Sizing up the TV coverage from the McGladrey Classic ... and away we go.
The transformation of Webb Simpson from middling tour player to rising star has been incredible to watch. One year after Simpson was fighting to retain his tour card, he was at the McGladrey Classic, battling Luke Donald for the PGA Tour Money List title.
While Simpson lost in a playoff at the McGladrey, he overcame a number of demons this season, including his affinity for blowing late round leads and coming unglued during critical moments in the final round.
As Golf Channel's Brandel Chamblee noted, Webb's biggest problem was a quick transition with his swing -- especially when he was in contention.
"He's driving it longer than he ever has, and that makes a big difference; he's certainly one of the most accurate guys on tour this season," Chamblee said. "But the main issue he really worked on was his transition. He watched video of his mistakes and tried to correct them. More guys need to take time to really zero in on their biggest issues. Sometimes it has nothing to do with the swing. Webb's swing was sound, but you could tell he was speeding things up when he sensed he had a chance to win."
Simpson may have slowed his game down since last year -- he's one of the slowest players on tour, after all -- but the improvements in his transitional game have allowed him to turn the corner.
One year after talking about him heading back to Q-School, the Golf Channel crew was discussing his chances of winning more money than any player on the PGA Tour. It's funny how one improvement can change a golfer's life forever.
Why rookies struggle when they're in contention
Billy Horschel had an opportunity to become the seventh rookie on the PGA Tour to win an event this season, but a costly triple bogey, with a sand wedge in his hand, on the par-4 5th hole cost him a golden opportunity to stay in contention.
Even with the incredible number of rookies making waves this season, Bradel Chamblee said the tour's youngest members still have a lot to learn when they get in the mix for their first victory.
"Sure, we've seen a lot of them on the leader board this year, and they all act like they've been there before when they get in contention," Chamblee said, "but the fact is, more times than not, when someone has a chance to win their first golf tournament, they struggle. Webb Simpson talked about overcoming getting quick early on. He saw tapes of himself and made sure the next time out that he was taking everything slower. Billy probably should take Webb's advice and do the same thing."
The dawn of a new era in golf?
We've been talking about it for the last 10 months, but the game has finally turned the corner from the Tiger Woods era to a new era in golf that looks like a relative free-for-all.

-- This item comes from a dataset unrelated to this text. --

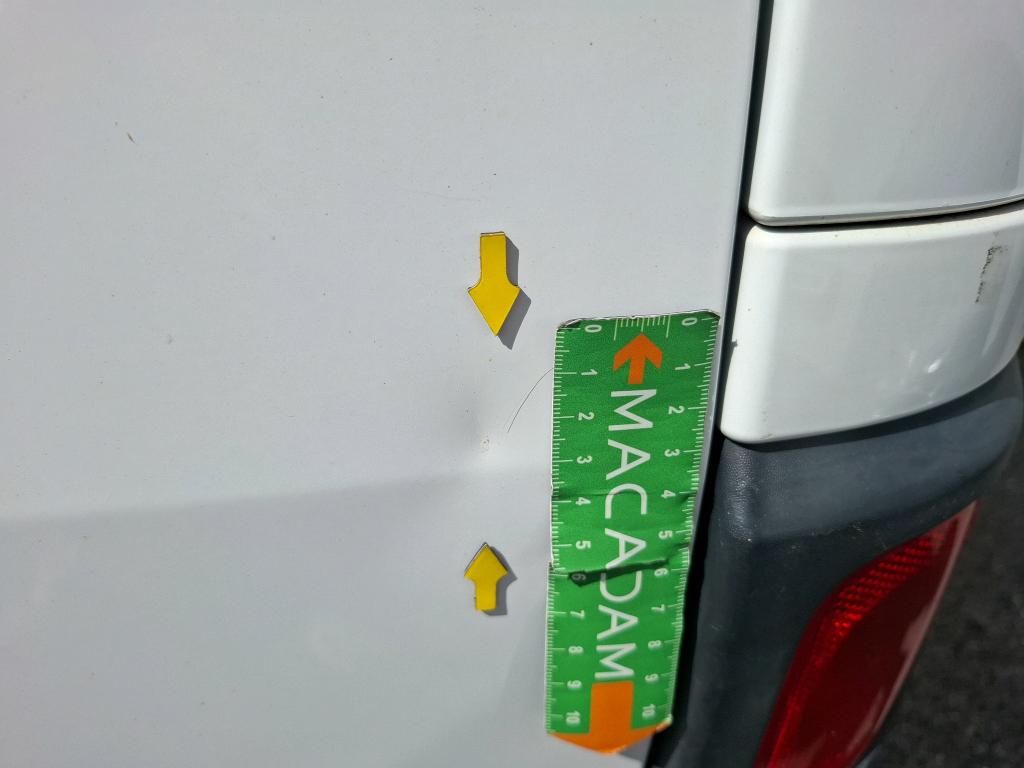 RENAULT KANGOO Blue dCi 95 Business 2020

"This year has been an interesting one in the world of golf," Chamblee said. "We've turned a page now. The top players for the last 15 years have watched their games slip, we've had 14 first-time winners, including six rookies, and then guys like Webb Simpson. For the first time in 20 years we could have a guy be PGA Tour Player of the Year and not have won a major championship at some point in his career. It's a new era of golf with new faces. ... These new guys are going to be the future of the game. Sit back and enjoy it."
Maybe time Finchem was right when he said their was parity in the sport. We love when golfers like Tiger Woods dominate the sport, but for the moment, it appears we'll have to make do with playoffs and down-to-the-wire finishes between some of the newest faces on tour.
The drama should make the sport a lot of fun to watch. But without a major name to follow, television networks will certainly be hoping for a return of Tiger Woods to the top in 2012.